過労死DBから平成22(2010)年4月~平成29(2017)年3月の7年間の特別加入者を抽出し、年齢、性別、決定時疾患名、業種、職種、特別加入種類、特別加入者100万人当たりの発生件数及び事案の特徴を分析し、防止策を検討した。

特別加入事案の過労死等は、脳・心臓疾患2,027件のうち64件(3.2%)、精神障害3,011件のうち20件(0.7%)で、事案総数の1.7%(84/5,038)を占めた。特別加入種類別では中小事業主等(第一種)51件(60.7%)、一人親方等(第二種)27件(32.1%)、特定作業従事者(第二種)6件(7.1%)であった。特別加入者100万人当たりの発生率は労災認定事案に比して高くなかった。事案の約8割は労働者が9人以下の小規模事業場で、出退勤の管理がない、就業規則がない、健康診断受診率が低い等の特徴があった。業種は建設業が約半数で、卸売業・小売業、その他のサービス業、宿泊・飲食サービス業、農業・林業・漁業の順に多かった。脳・心臓疾患は全例が男性で高齢者が多かった。認定事由は「長期間の過重労働」が多く、特に発症前1か月前の時間外労働が多い事案が目立った。精神障害・自殺では、事故や災害の体験、仕事の失敗と過重な責任、失職等が複合的に関係していた。少数だが、農業労働従事者の繁忙期連日作業による過重労働や農業機械による災害等、漁業・船舶所有者の事業では拘束時間の長い業務、深夜・早朝の作業等があった。自営業者、役員の過重労働の背景には、①小売、宿泊・飲食店等や農業・漁業のように、連日業務、顧客相手、繁忙期有、人手不足等の業務特性により労働時間の裁量性が制限される働き方と、②建設業に代表される個人請負就労者としての一人親方、専門性を活かした個人事業主や小企業の役員がサプライチェーンに組み込まれ、雇用類似の働き方によって労働時間の裁量性が制限され過重労働となる働き方があった。

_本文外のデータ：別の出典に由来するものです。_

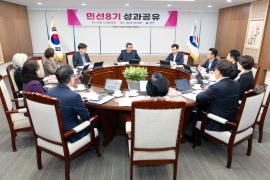 민선8기 성과공유회 썸네일 4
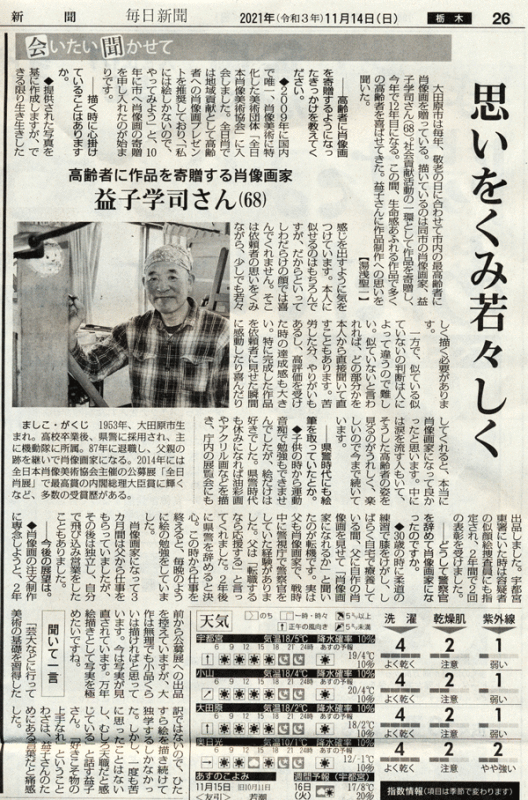 毎日新聞栃木版に紹介されました。「肖像画の益子」_b0174462_10590159.gif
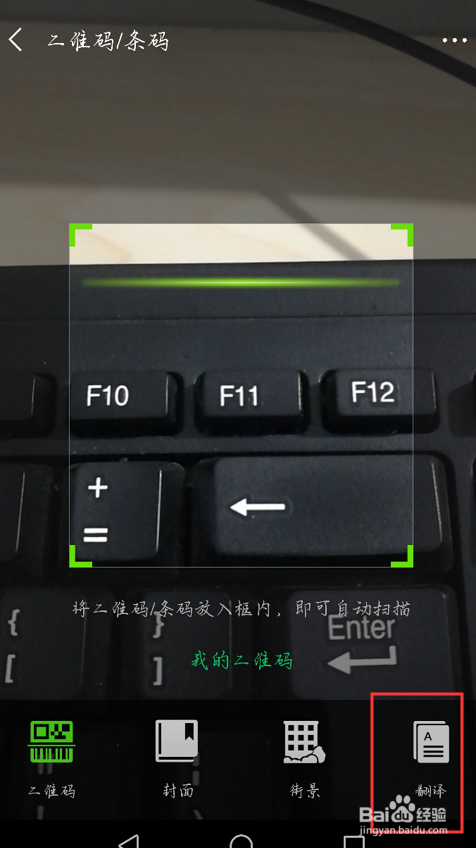 经验分享如何通过微信翻译英文。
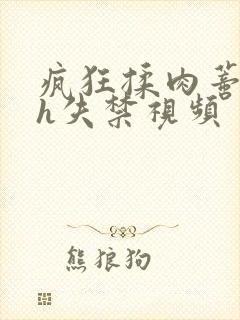 疯狂揉肉蒂高潮h失禁视频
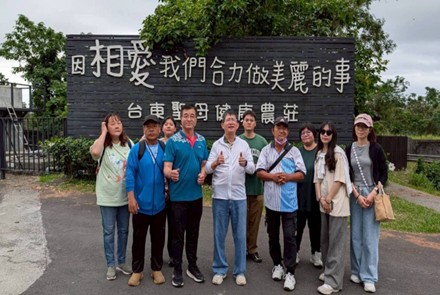 推動多元環境教育 (2)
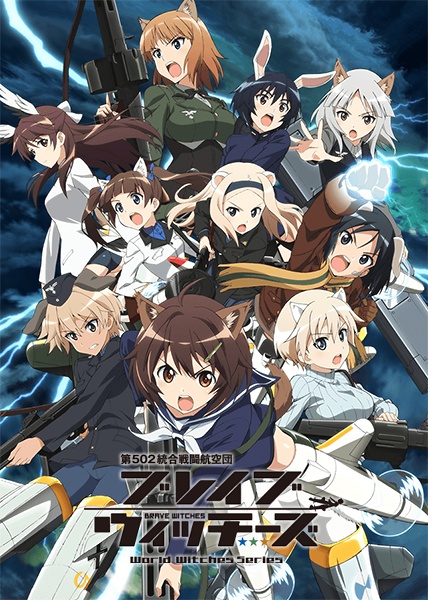 Brave Witches กกน. ลอยฟ้า กองบินที่ 502 ตอนที่ 1-11 ซับไทย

自営業者、役員等の過労死等の防止のためには、業種や事業場規模の特性に合わせた安全健康支援が必要であり、①サプライチェーンにおける包括的安全衛生管理の促進、②行政、商工会議所や業種別の事業場組合、地域保健サービス、産業保健サービス提供機関等による多層支援、③事業場の経営支援と人員不足対策、④健康増進と健康管理や職業上の健康障害リスクへの対応を含めた教育・研修機会の提供等を行う必要がある。自営業者、法人の役員等は労働基準法の労働者には該当しないが、今後増加が見込まれる雇用類似の働き方をしている就業者の保護の視点から、過労死等防止の取組が期待される。